One day her husband, Albert (Rufus Sewell), comes home from one of his long absences to nowhere and finds a note saying Nancy has gone to Baltimore to visit friends. She never returns. Trapped in the dark passages of her own mind, Nancy thinks she has finally found liberation in the form of a cruel degenerate she meets on the Internet named Louis (Jason Patric). Louis promises escape, salvation, sexual perversion and murder. When she says, “I’m gonna need something to wear for my big finish,” you get the feeling she plans to commit suicide again and make it work. (In flashbacks, we see her try it with her arm in a sling and an endless supply of those lethal razor blades.) But Louis has slower cat-and-mouse games in mind. He blindfolds her and makes her walk barefoot into rat traps. Now we have two lost souls torturing each other. The greater the physical violence, the more Nancy likes it. And just wait till they get to the hardware store, where they almost salivate thinking of new things to do with the vast array of knives, hatchets, thumbtacks and carpet nails. More customers like Nancy and Louis could keep Home Depot solvent through three more recessions.
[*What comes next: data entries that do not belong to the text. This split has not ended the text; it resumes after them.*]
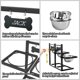 thumbnail image 5 of Shainfun Tazones Elevados para Perros Medianos y Grandes con Alfombra, 6 Niveles de Altura Ajustables, Tres Tazones Grandes de Acero Inoxidable de 58 oz, 5 of 7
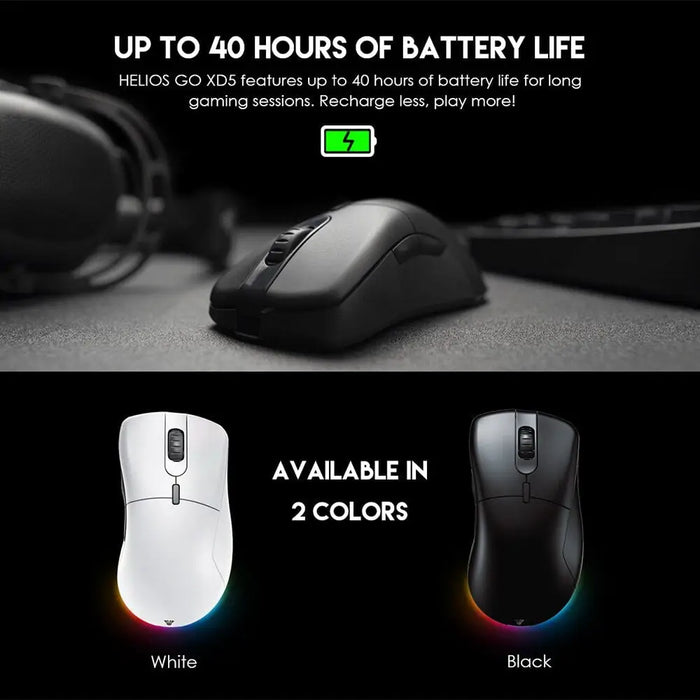 Xd5 Professional Gaming Mouse Pixart3370 19000dpi 1000hz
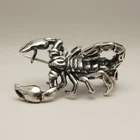 Handmade Sterling Silver Brooch Scorpion Genuine Solid Hallmarked 925 Empress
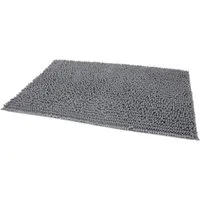 LIVINA HOME Badematte Badteppich rutschfeste Badematten, flauschiger und weicher Badteppich, rutschhemmend beschichtet, Chenillen Optik, trockene und schimmelresistente Badedecke, wasserabsorbierend, fußbodenheizungsgeeignet, schnell trocknend, Cheni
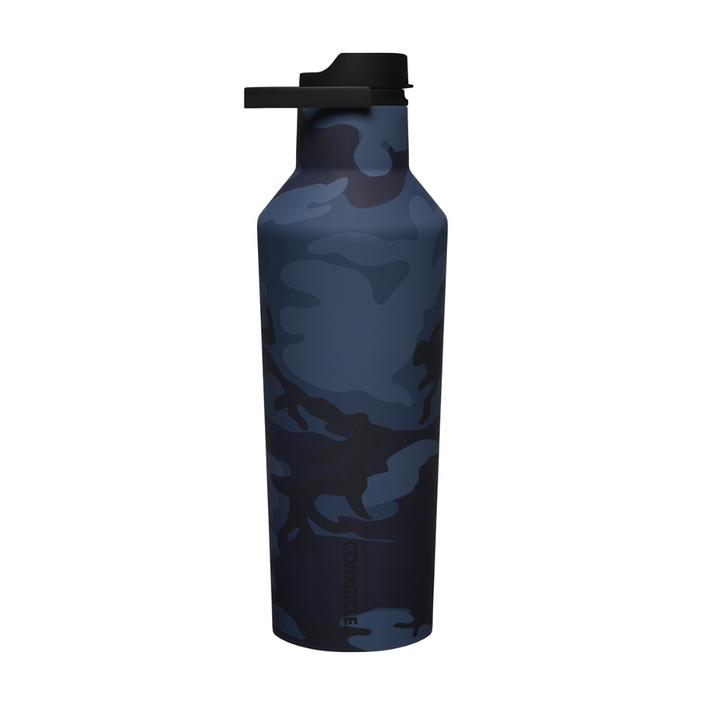 CORKCICLE Series A Sports Canteen 950ml Insulated Stainless Steel Bottle - Navy Camo **CLEARANCE**
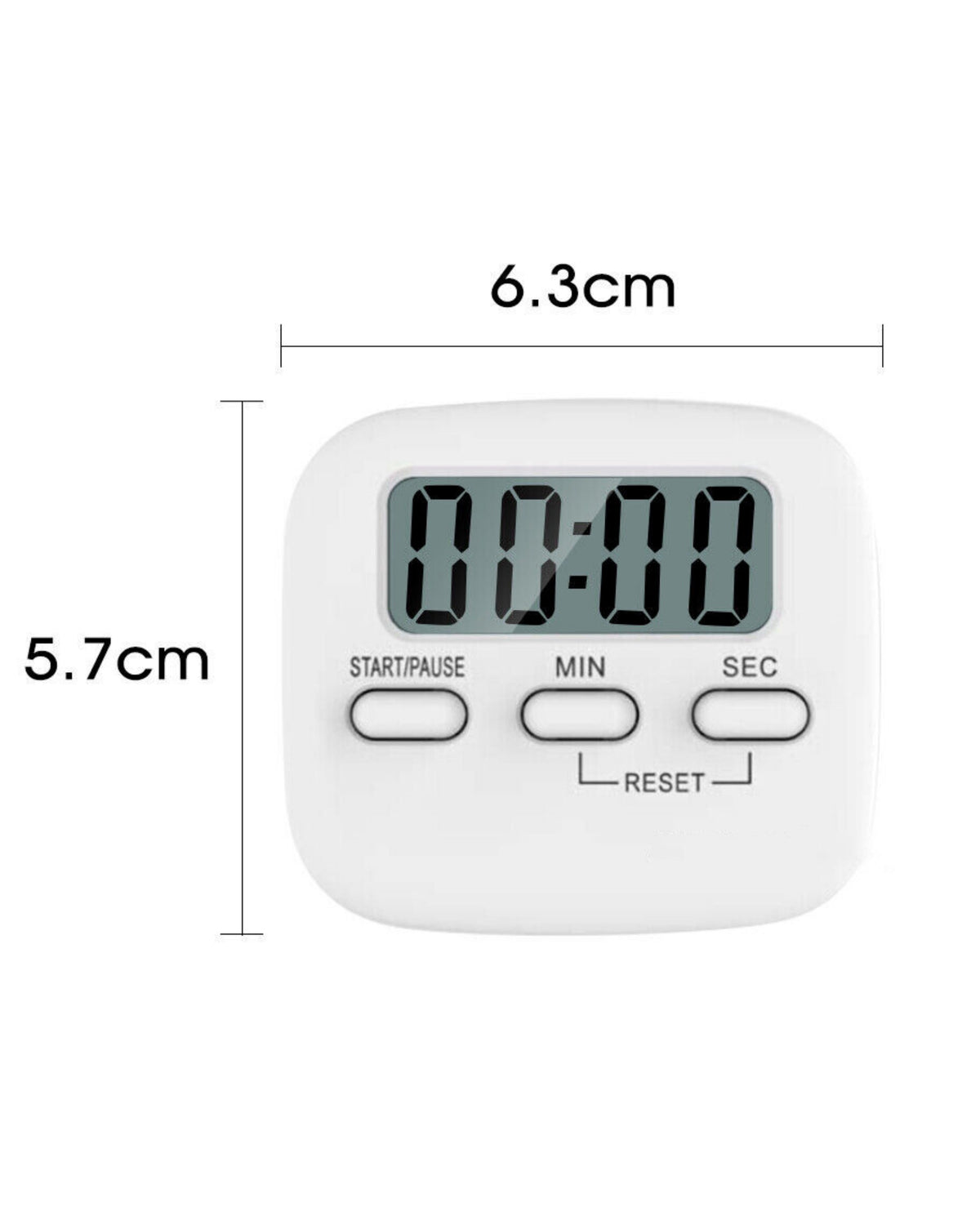 Kitchen Timer LCD Digital Magnetic Loudly Alarm Countdown 99min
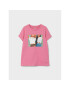 NAME IT Тишърт 13205609 Розов Regular Fit - Pepit.bg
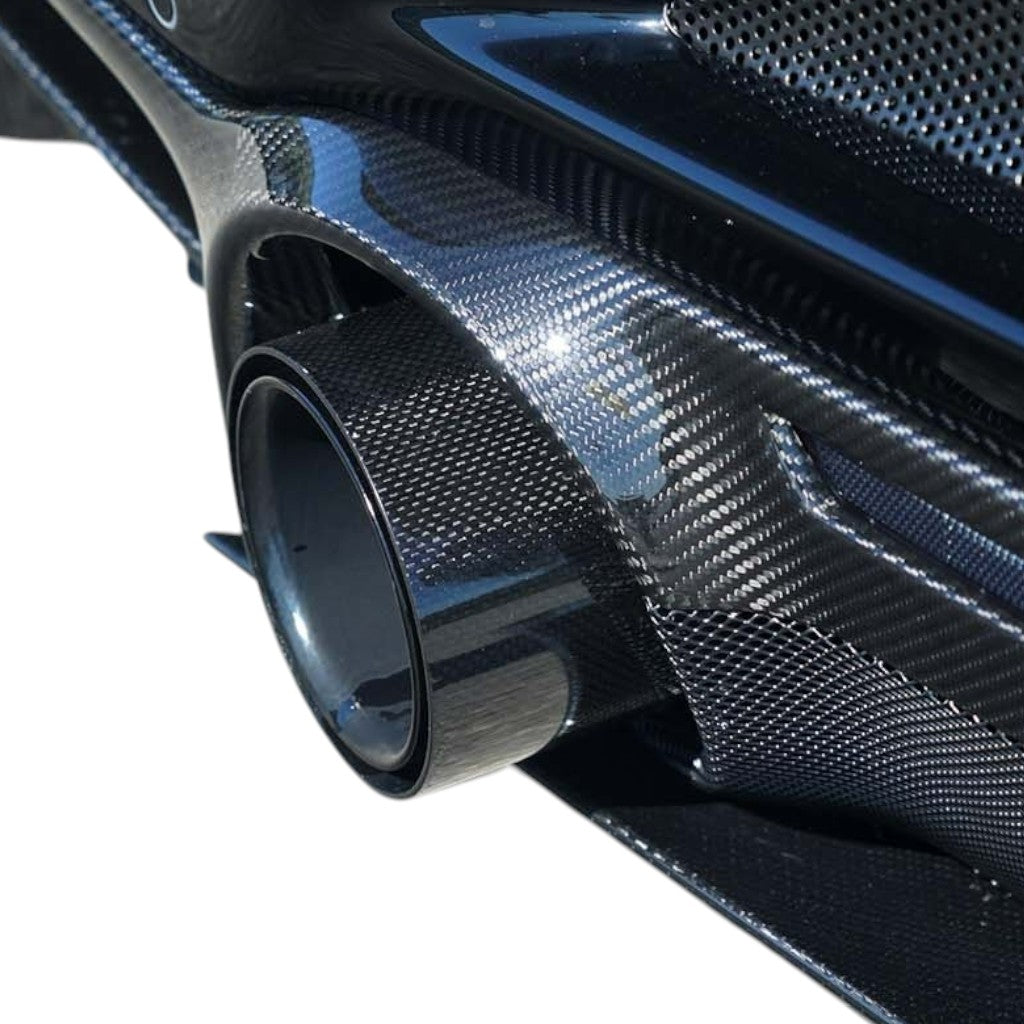 NOVITEC F1 444 57 Steel Tailpipes, Black, 2pcs for FERRARI F8 2019- Photo-1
Meanwhile, for no explainable reason, Louis pays a visit to Albert, pretending to be a computer online service maintenance expert. Albert wants to read Nancy’s masochistic emails, hoping for a clue as to where she’s gone, but when Louis prints them out, they bring out Albert’s repressed sadism instead. Now it’s Louis’ turn to be bound and tortured with a golf club. There’s more, but why go on? The movie jumps around in time, in the annoying way amateurs make movies today. You don’t know where the people are when they are working each over or whether they’re dead already. It all ends badly, with Albert fingering his own razor blades, which Nancy has left behind, inserted in his cell phone.
Downloading Nancy is pretty much dead on arrival. It’s like one of those repulsive horror flicks by the Austrian whack job Michael Haneke. By piling on the sordid shocks without reason, motivation, character development or psychological analysis, director Renck and the two dolorous scriptwriters, Pamela Cuming and Lee Ross, have stripped it of any functionality and rendered it pointless. In all of the degradation, you don’t much care what the people do next. You just want them to get it over with faster. This is a shame because Maria Bello is a cool, literate and fascinating blonde who warrants more serious attention. In disturbing roles like the prostitute Bill Macy picks up in The Cooler and Viggo Mortensen’s wife in A History of Violence, she does fresh things with confusion and cutting-edge pain. Here, she is hollow-eyed, anemic, without makeup, her roots showing under her split ends, covered with scars—and still captivating. But it’s a role with a lot of degradation and no payoff. Whatever happens to Nancy in the end is strangely inconsequential. Cynical, negative and futile, the movie doesn’t register anything you can learn anything from. I think it’s supposed to be a Nietzsche-fueled examination of utter futility and nihilism. But to me, it’s more of a cautionary tale about the dangers of technology. At the end, the words “Based on true events” appear against a black screen. So what? Does this mean every time somebody self-destructs we need to see a movie about it?
Downloading Nancy made me good and sick—and the way I remember it, that is not the way movies are supposed to make us feel. Gillette disposables, anyone?